I don’t allow myself to be angry. In fact I think you are one of the few people who has seen me at my angriest and worst. With that, came spiteful words and tears on both of our ends.

When someone brings up your name, I’m overcome with anger that is masked pain. I worry if I’ll run into you. I’ll look across the bar and see a familiar stranger. And it’ll set in, we know nothing about each other anymore.

IS BECAUSE I LOVED YOU LIKE A SISTER.

But behind that anger is pain and misunderstanding. It ended so abruptly. The best things usually do. But I spent days trying to understand. It was like a breakup only worse.

AND I THOUGHT "SORRY" WAS ENOUGH…

Sure we got into fights in our past. And I thought we forgave each other for everything. I never asked you if the smoke had cleared, more or less I just hoped it did.

FOR THE LITTLE FIGHTS WE GOT INTO.

And maybe there was something boiling under the surface. Maybe, I didn’t pay close enough attention to it. Maybe, this is all me. Maybe, it’s both of us. Maybe, I’ll spend the rest of my life continuing to be confused as to how we got to where we are.

AND MAYBE I TOOK YOU FOR GRANTED…

The title of best friend didn’t just go to anyone. You were my right hand person. You did everything I asked of you and more. I’m beginning to wonder if I did the same. I loved you more than anyone. But I wonder...did I say it and show you that.

BECAUSE I JUST ALWAYS EXPECTED YOU TO BE THERE.

When someone is there long enough you just expect them to be. You were in every memory of my past. You were the one next to me at every birthday party. You were every text, that never seemed to end…Until it did. And I’d sent texts that would go unanswered. I began to worry more and more. This wasn’t us. This wasn’t you. I didn’t recognize you in the end.

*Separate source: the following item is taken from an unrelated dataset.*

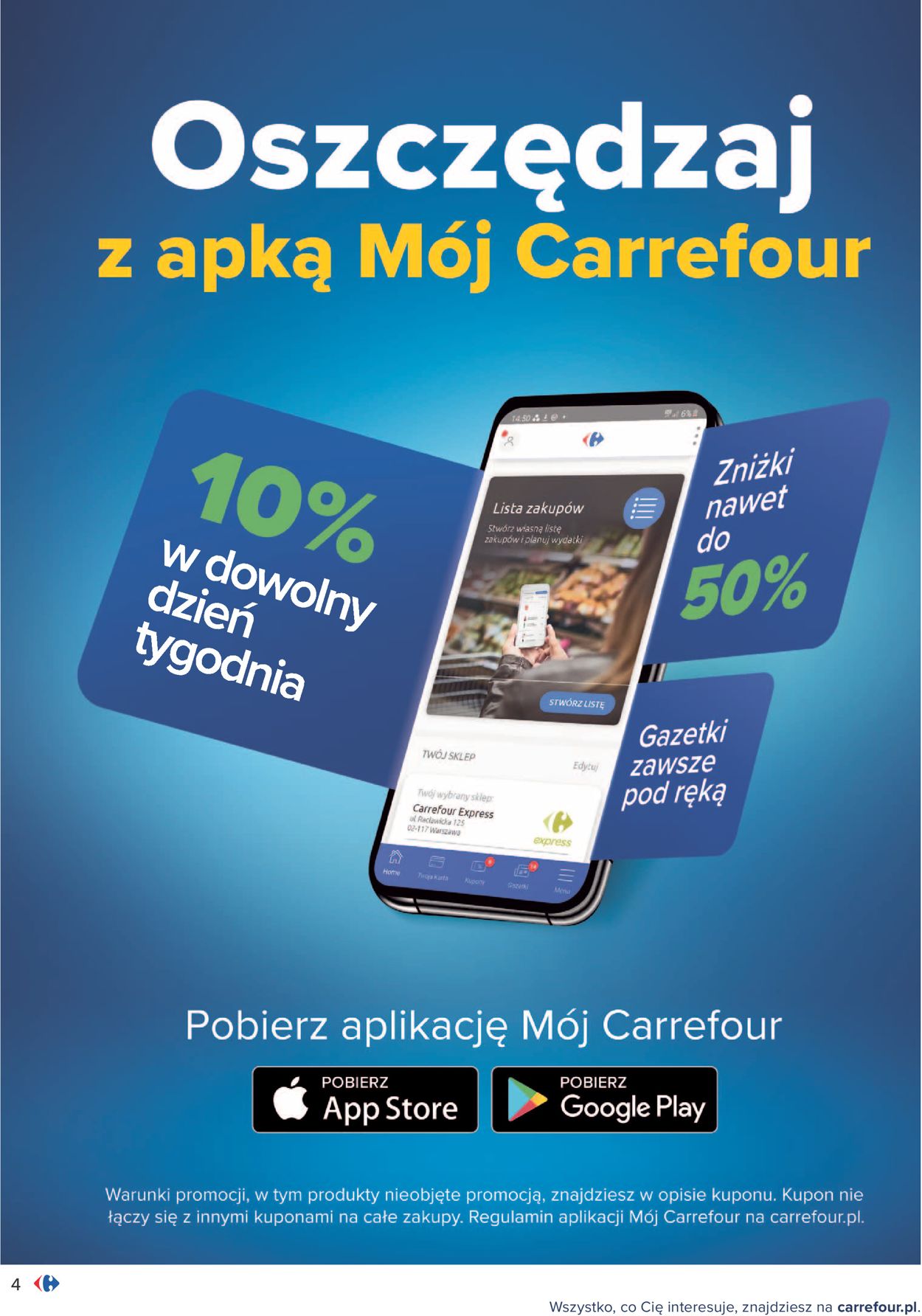 Carrefour Gazetka od 07.09.2021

I DIDN’T WANT IT TO END SO BADLY…

I wanted to defuse the situation. I wanted answers. But whenever someone even mentioned your name, I’d burst into tears.

BUT YOU REALLY DID HURT ME.

I don’t know what I did. I don’t know what you were thinking in the end. You cut yourself out of my life, with no explanation. I was left reaching for someone who didn’t want to stay. And the saddest part was, you probably knew it for a while. Maybe you were waiting for an excuse to leave. And maybe I broke the camels back that night. You saw it as an opportunity to run.

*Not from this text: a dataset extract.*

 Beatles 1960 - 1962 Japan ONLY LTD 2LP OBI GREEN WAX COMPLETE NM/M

I wonder when you made that decision? Were there moments you looked at me with annoyance and a fake smile, as I drunkly slurred I love you with a shot in one hand. I don’t know. I probably never will.

I’ll always drive past your house with a heavy heart, remembering how I used to walk in. I think of your family and miss them. I’ll go to that favorite place in town and know it was our place. I’ll always look back at pictures sad, because I thought there would be so many more.

BUT IF YOU SHOULD KNOW ANYTHING…

Despite how mad and hurt and lacking understanding of it all….I’d be the first there if you needed me.

You should also know, if ever you decide to come back into my life, I hope you know I’d appreciate you more. I hope you know I’d tell you I love you, despite the pain you caused.

And when the day comes and I walk down the aisle, you should know, I’ll have saved your name on the guest list and a seat in the front row if you choose to join me.

I STILL LOVE YOU.

Original Source: http://www.puckermob.com/relationships/to-the-friend-i-thought-would-be-...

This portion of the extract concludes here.